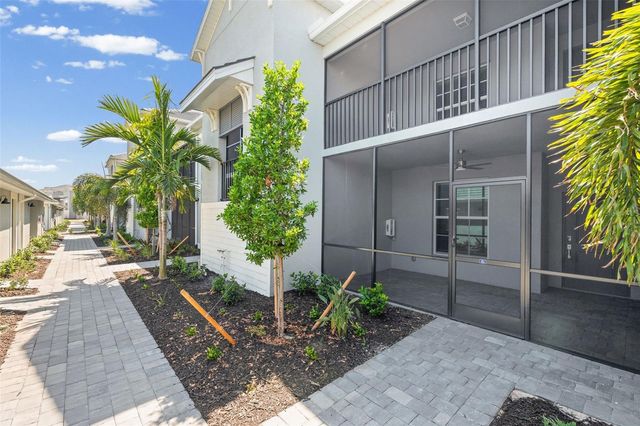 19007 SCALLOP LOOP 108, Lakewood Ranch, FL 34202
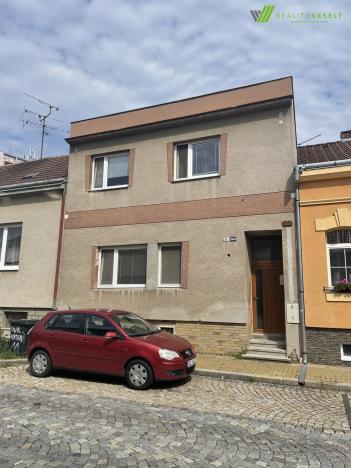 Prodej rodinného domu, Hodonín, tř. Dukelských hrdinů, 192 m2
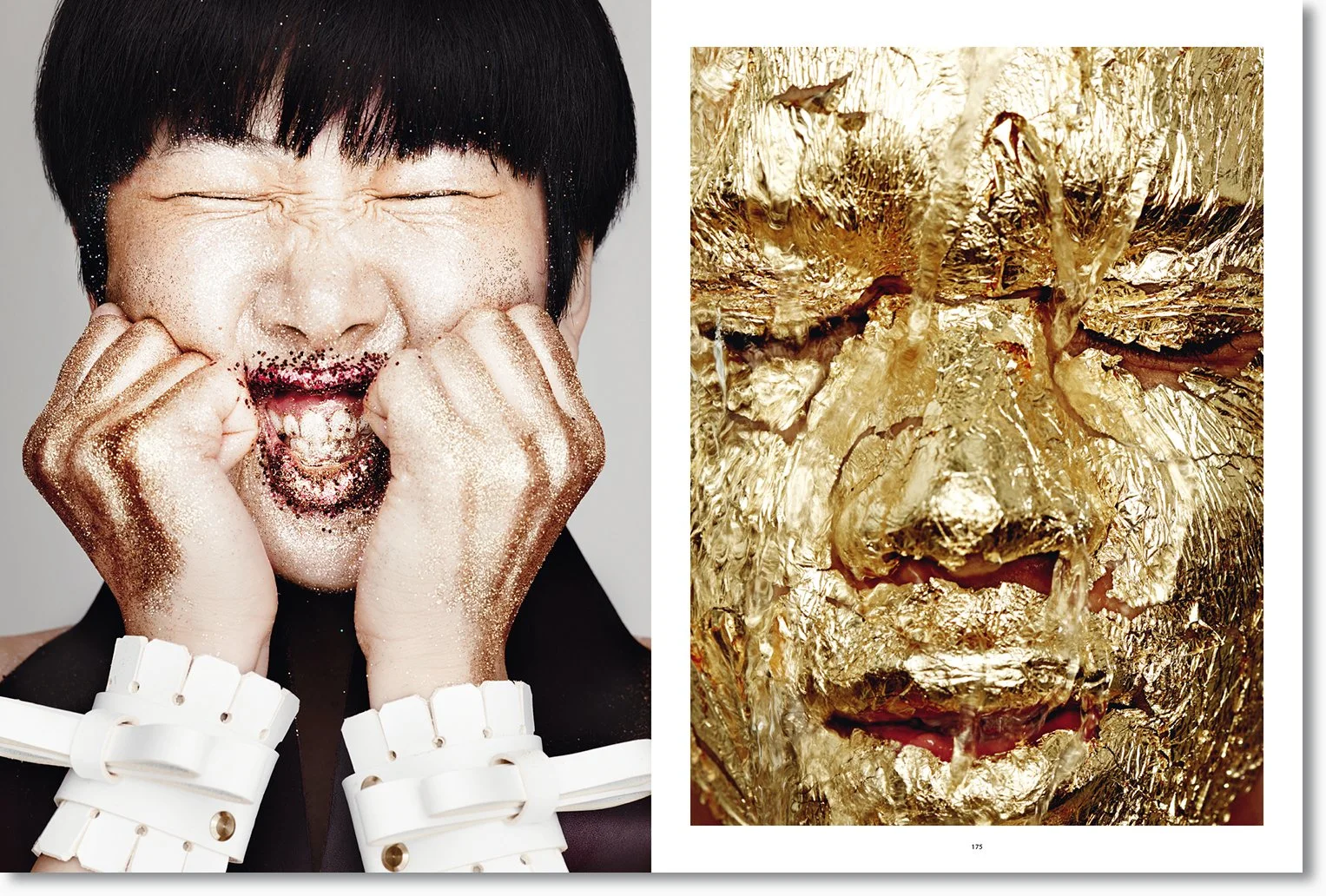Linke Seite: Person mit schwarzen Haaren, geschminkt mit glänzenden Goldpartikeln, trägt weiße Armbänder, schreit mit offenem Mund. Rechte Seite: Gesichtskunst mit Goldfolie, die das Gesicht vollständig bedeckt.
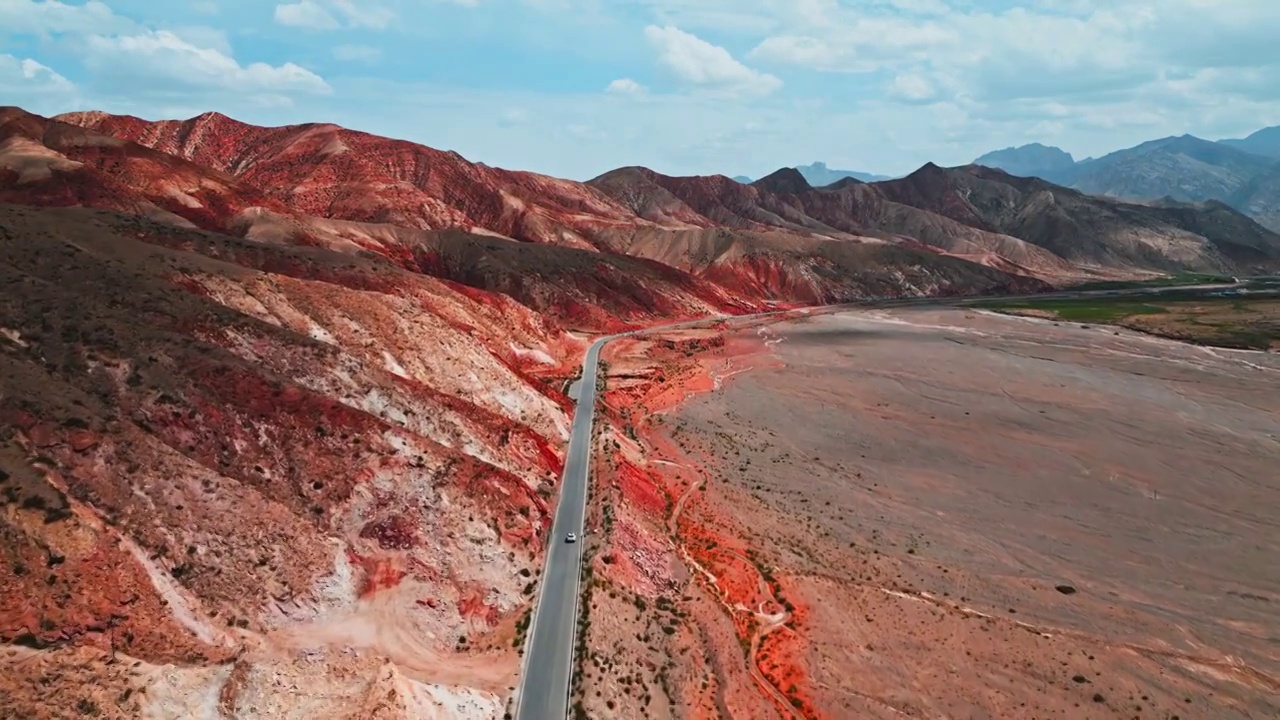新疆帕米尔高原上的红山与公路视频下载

**Instructions for the task:** Produce a verbatim transcription of every line in the listing, images omitted.

**Written solution:**
 19007 SCALLOP LOOP 108, Lakewood Ranch, FL 34202
 Prodej rodinného domu, Hodonín, tř. Dukelských hrdinů, 192 m2
Linke Seite: Person mit schwarzen Haaren, geschminkt mit glänzenden Goldpartikeln, trägt weiße Armbänder, schreit mit offenem Mund. Rechte Seite: Gesichtskunst mit Goldfolie, die das Gesicht vollständig bedeckt.
新疆帕米尔高原上的红山与公路视频下载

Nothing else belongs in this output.